The Bodies in Person, by Nick McDonell: I found myself getting annoyed by the fiction-borrowed tics that the author employs. I’m not saying that a work of nonfiction needs to be straightforward, or that it can’t be lyrical. But when it’s as journalistic as this is, there are certain flourishes and trailings off and sentences without actual verbs that seem out of place. The premise of this is obviously sobering and I don’t blame the author for not being able to concretely answer large moral questions. I did admire the writing at times, but there was something that felt off about it to me.
Contents May Have Shifted, by Pam Houston: I had started this, somewhat ironically, before getting on an airplane (which the title pertains to), but didn’t take it on the plane with me because I only walked with my Kindle that trip (on which I read Houston’s short story collection Cowboys are my Weakness). I enjoy the general conceit of the book’s structure–bouncing around from flight to flight, trip to trip–and Houston’s voice. At the time I started the book there was a possibility I would be moving to California, specifically where Houston lives half of the year, so maybe I was also looking for landmarks and/or gossip. No gossip, though I did find myself snooping on Facebook afterward to determine the identities of a few characters.

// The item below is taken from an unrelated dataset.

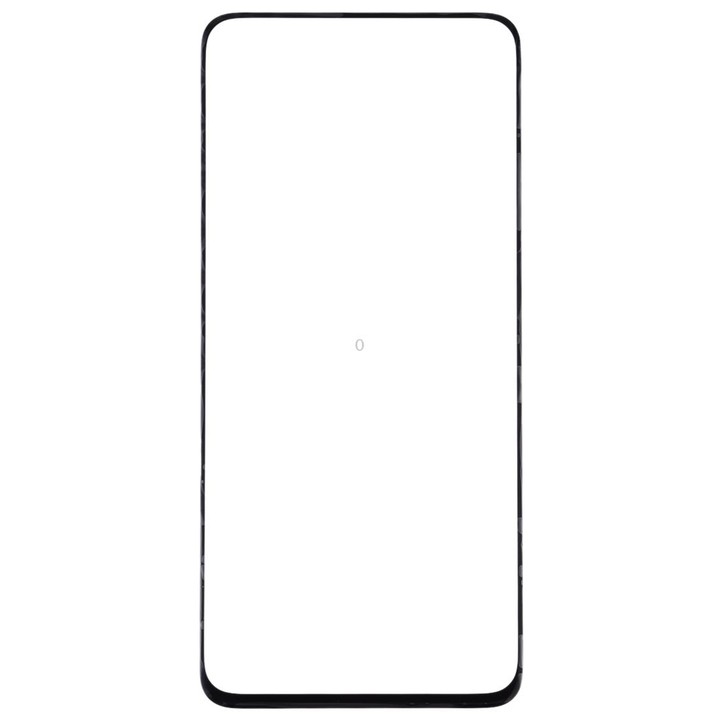 For Samsung Galaxy A90 / A80 10pcs Front Screen Outer Glass Lens (Black)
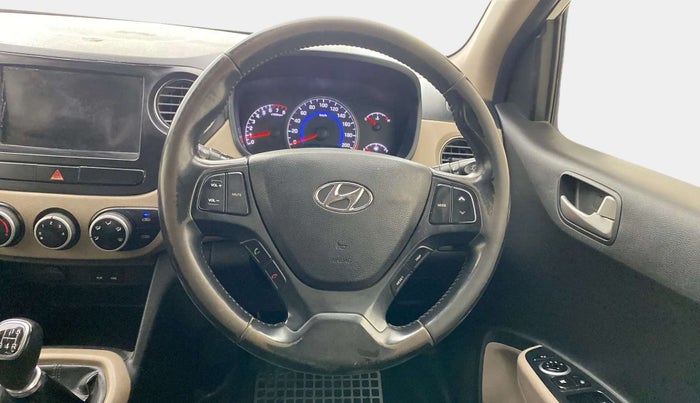 2015 Hyundai Grand i10 ASTA 1.2 KAPPA VTVT, CNG, Manual, 91,817 km, Steering Wheel Close Up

The House of the Seven Gables, by Nathaniel Hawthorne: I was going to read this with a student before she visited Massachusetts, but we didn’t have enough lead time. I had already checked it out from the library, though, and having recently revisited (and appreciated vastly more than I did in high school) The Scarlet Letter with a different student (and, I admit, based on its smallness and lightness making it appropriate for a subway read) decided to read it anyway. Hawthorne is much more playful than I remembered (I did not remember him as remotely playful).